DATA FOR PROCESSING:
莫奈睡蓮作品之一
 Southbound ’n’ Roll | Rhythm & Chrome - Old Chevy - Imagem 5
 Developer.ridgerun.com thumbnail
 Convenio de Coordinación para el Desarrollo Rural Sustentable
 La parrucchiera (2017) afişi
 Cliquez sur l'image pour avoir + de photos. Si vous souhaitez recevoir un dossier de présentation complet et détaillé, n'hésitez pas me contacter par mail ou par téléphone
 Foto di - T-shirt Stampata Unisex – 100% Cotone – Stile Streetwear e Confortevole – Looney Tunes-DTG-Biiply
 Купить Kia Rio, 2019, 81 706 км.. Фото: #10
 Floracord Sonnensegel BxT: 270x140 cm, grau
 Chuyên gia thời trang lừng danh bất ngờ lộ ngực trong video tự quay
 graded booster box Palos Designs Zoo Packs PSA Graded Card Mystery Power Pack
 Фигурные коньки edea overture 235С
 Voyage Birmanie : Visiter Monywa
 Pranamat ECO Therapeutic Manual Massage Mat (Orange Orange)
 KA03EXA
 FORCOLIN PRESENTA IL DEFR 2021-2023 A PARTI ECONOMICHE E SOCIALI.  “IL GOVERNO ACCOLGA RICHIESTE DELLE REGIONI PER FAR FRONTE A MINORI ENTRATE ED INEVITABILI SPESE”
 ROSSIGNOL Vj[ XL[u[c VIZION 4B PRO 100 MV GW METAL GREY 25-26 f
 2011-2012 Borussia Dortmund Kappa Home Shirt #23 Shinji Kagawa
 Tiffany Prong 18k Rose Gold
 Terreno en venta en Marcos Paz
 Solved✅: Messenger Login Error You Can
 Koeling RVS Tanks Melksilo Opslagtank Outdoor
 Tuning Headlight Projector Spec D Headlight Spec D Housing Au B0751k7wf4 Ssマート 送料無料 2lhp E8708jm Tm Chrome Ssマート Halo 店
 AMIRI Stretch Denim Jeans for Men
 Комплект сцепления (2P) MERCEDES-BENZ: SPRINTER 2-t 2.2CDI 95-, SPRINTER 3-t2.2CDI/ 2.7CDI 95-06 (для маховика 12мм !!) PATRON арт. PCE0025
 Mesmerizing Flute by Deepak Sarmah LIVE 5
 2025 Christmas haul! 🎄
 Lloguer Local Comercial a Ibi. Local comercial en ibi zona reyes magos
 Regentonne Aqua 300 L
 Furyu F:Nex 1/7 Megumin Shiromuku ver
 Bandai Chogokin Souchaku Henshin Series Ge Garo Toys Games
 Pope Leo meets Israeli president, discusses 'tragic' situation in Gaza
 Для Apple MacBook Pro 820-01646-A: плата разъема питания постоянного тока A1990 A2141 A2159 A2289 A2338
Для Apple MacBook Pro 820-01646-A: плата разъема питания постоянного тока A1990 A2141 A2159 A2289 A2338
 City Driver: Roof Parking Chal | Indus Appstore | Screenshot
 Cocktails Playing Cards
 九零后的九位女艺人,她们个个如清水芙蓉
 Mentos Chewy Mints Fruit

TASK TO CARRY OUT: Give the count of lines in the records above that hold the string "питания", and only that count.

REPLY: 2